The usual way to handle multiple viewpoints is to assign each character certain scenes. When you have decided to which character a scene belongs, make sure you stay in that viewpoint from the beginning of the scene to the end. Occasionally an author mixes first person and third in a multiple viewpoint story, using the first person to signal the protagonist's scenes.

• Omniscient point of view. Here the author is not only the narrator but becomes, in a sense, the viewpoint character as well. The author does not actually appear in the story, of course, but describes the events based on his knowledge of the characters, events, and issues with which the story deals. Because the author knows everything (that's what omniscient means), there are no restrictions. You can describe what's going on at every place and at every moment. You can be inside every character's head, showing each individual's observations, thoughts, feelings, and actions.
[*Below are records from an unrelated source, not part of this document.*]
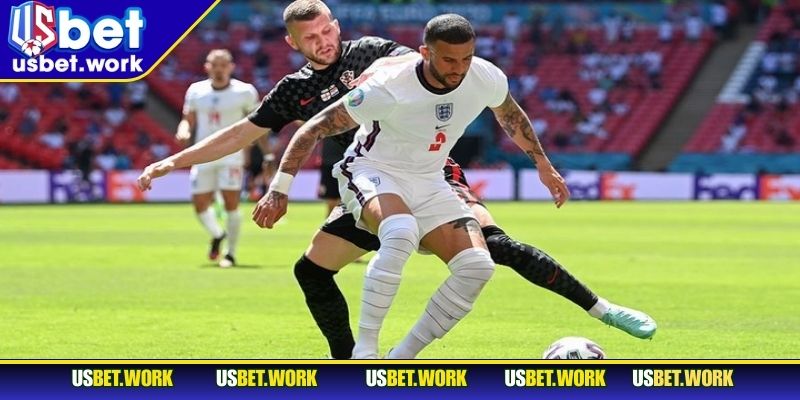 Kèo tỷ số bóng đá là thử thách cá cược thú vị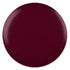 DND Duo - Garnet Red #633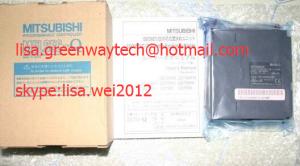 Wholesale AD57G PLC for MITSUBISHI from china suppliers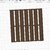Modular Wooden Pallet Assembly Design (SolidWorks to Fusion 360 Workflow)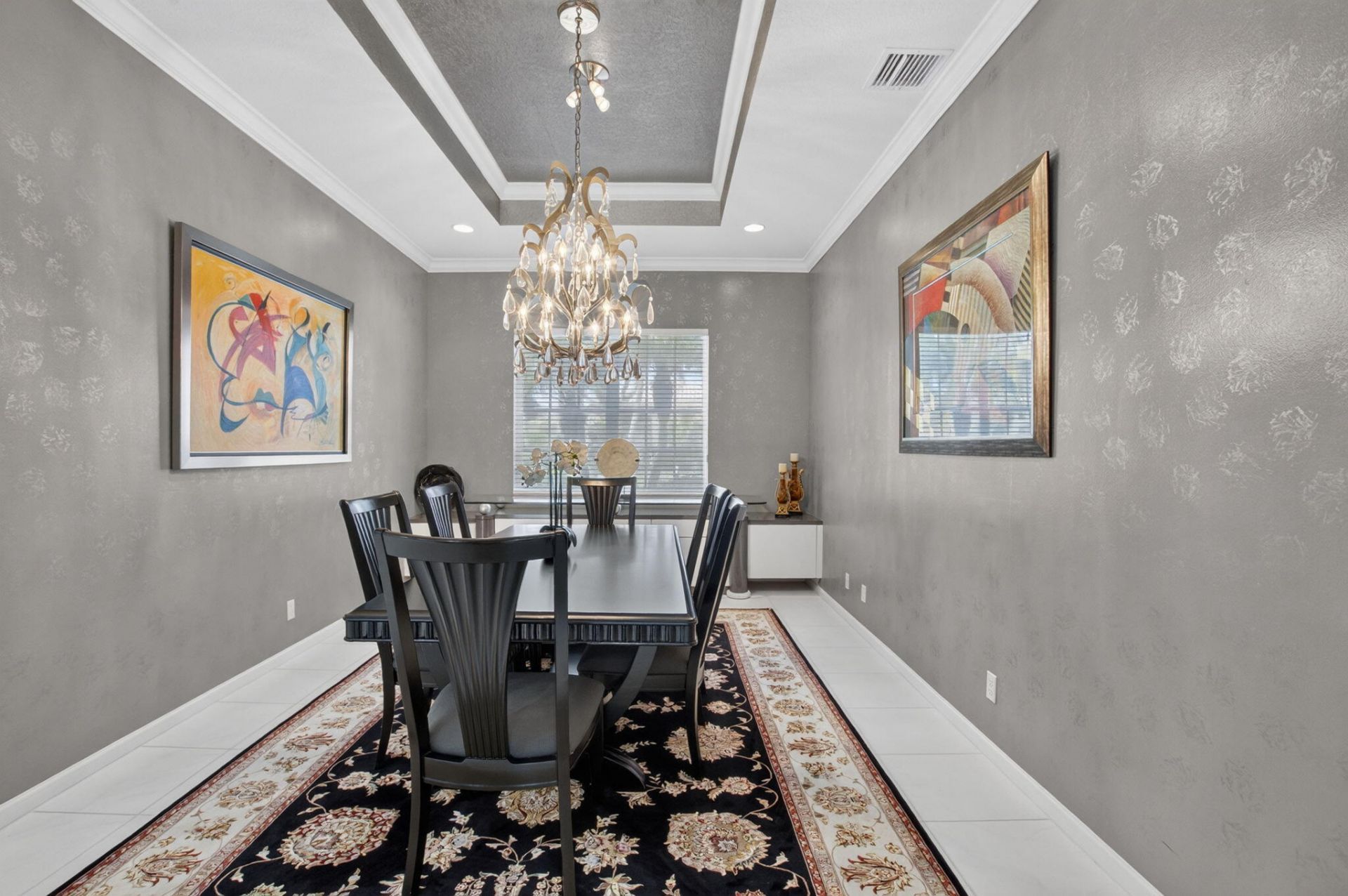 5281 Brooklawn Terrace, Boynton Beach, FL 33437 Photo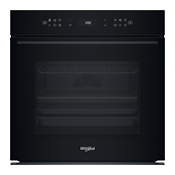 Whirlpool WOI78PT1SBA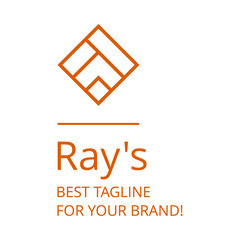 簡単！大手フードデリバリー☆軽貨物ドライバー募集☆の画像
The omniscient viewpoint may appear to be the easiest to handle, but it has its own pitfalls. It can sometimes degen erate into an attempt to give everyone's point of view at once. Jump around too much from one character's head to another, and your readers are likely to become distracted or befuddled rather than enlightened. The Life of the Party on page 53 is deliberately presented this way to provide a basis for writing exercises. Read it as an example of the omniscient viewpoint misused.

This approach can also be more distancing. Readers may have difficulty figuring out which character to identify with. The author's commentary, coming from beyond the story, can seem intrusive, pulling readers out of the moment and destroying the immediacy of the story. The omniscient viewpoint requires skill and care equal to the others.

• Limited omniscient viewpoint. This sounds like a contradiction in terms. How can you be limited if you know everything? I tend to think of it as the ten-degrees-over viewpoint: While we as readers are inside the character's head, we are also outside of it, standing about ten degrees away. With this approach the writer allows us to discern subtleties about the character that would not come through in a strictly limited first person narrative:

The first call came on Wednesday evening as Dorothy Ann washed up the plate and pot she'd used for her supper. Through the small, square window over the sink she was watching the last streak of orange fade from the sooty sky.

At the the third ring she sighed, dropped the sudsy rag into the water and shuffled over to the phone on the far kitchen wall. "Hello," she said into the black receiver.

"I love you," said the voice at the other end.

"Hello?" she repeated. "Who is this?" But the only response was a click and the dial tone's buzz.

Dorothy Ann is the sole viewpoint character in this story. The reader sees the events only from her perspective; we never hear another character's thoughts except as they are expressed out loud to Dorothy Ann herself. Yet at the same time that readers are in her head, listening to her thoughts, we are seeing her from a slight remove. Take the shuffle in her gait, for instance;

we notice it, but it is unlikely that she herself thinks of her walk in quite that way.